There are two questions that you need to ask yourself, “what do I want this tent do do?” and “how much do I want to spend?” This might seem blindingly obvious, but the two are not always intimately linked as we shall see.
In order to decide on what you want to do you need to imagine the sort of holiday it is going to be used on. In my case I'm going to be doing lightweight cyclecamping based at campsites. Now that last word is important. If you are backpacking in the back of beyond then your tent needs to be able to survive whatever nature throws at it. Storms, high winds, snow etc and as such it will have a certain design. It will be strong and have many pegging points, it'll also have to be made of the best materials. As this could actually end up as life or death choice then it's hard to compromise. Such a tent is likely to be very expensive, quite complicated and have less space than a 'lowland' tent for a given weight.

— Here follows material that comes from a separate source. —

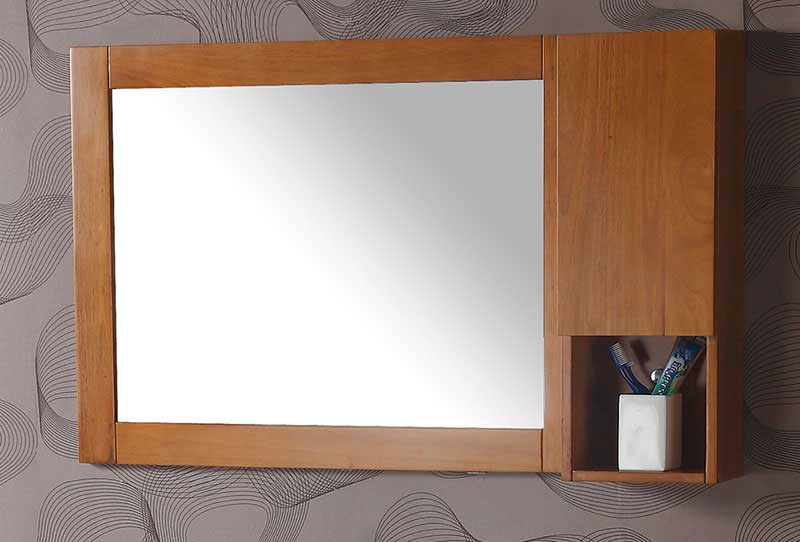 Legion Furniture Mirror Cabinet Medium Maple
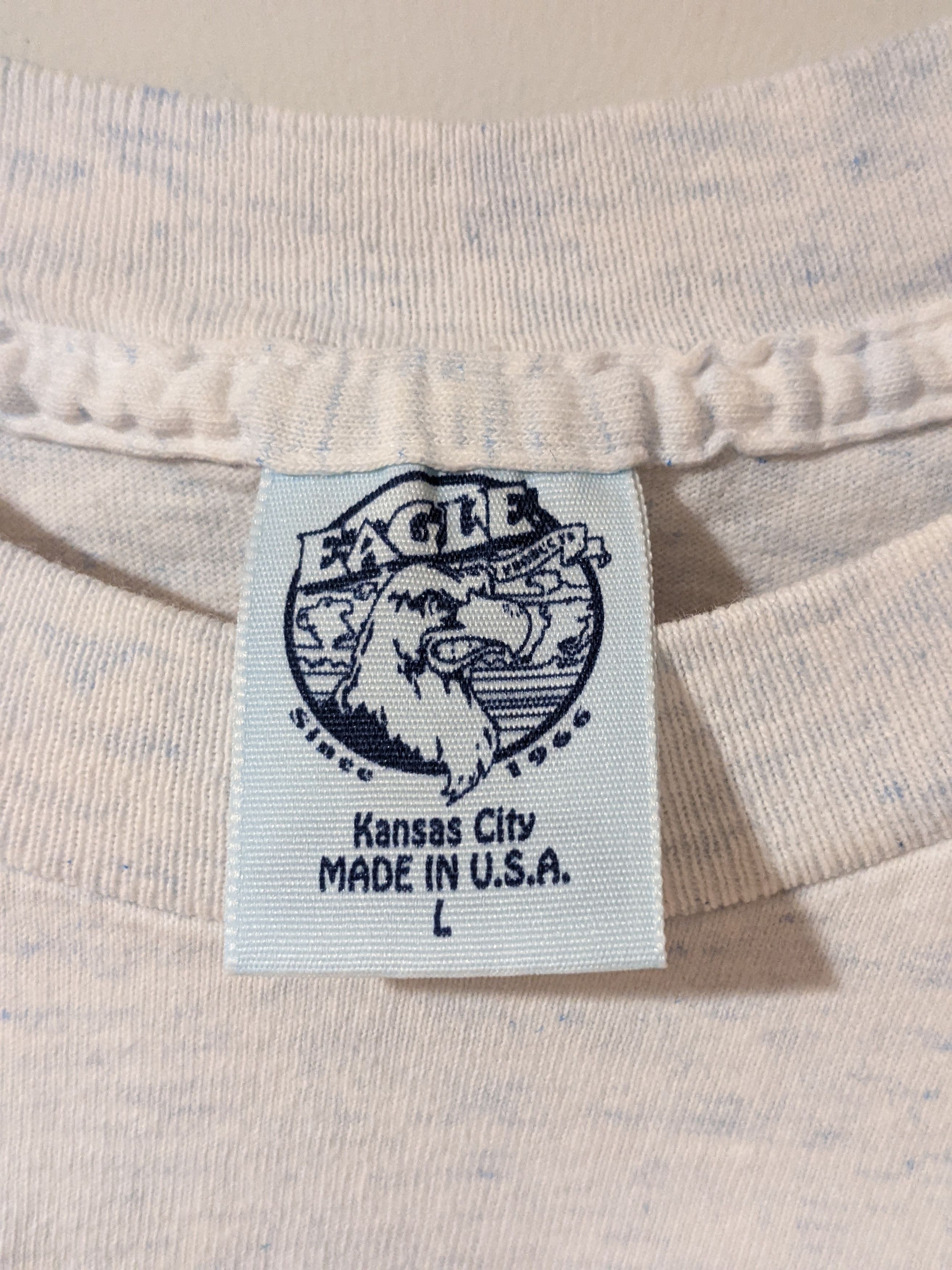 Vintage Vintage 1995 Wolf Animal Made in USA Single Stitch T-shirt Size US L / EU 52-54 / 3 - 8 Thumbnail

Now I imagine that for most of you reading this, your requirements will be much like mine, and the bottom line is that if you are caught in some terrible storm you'll be sleeping in the toilet block if your tent fails. With that 'safety-net' you can choose a tent that is rather less extreme., so lets go on to what I look for in a tent and why.
A bike will be carrying the weight, and so though light weight is good, it isn't the most important thing, nor is a small pack size as the tent just straps onto the outside of the rack so straight away my priorities are very different from a backpacker.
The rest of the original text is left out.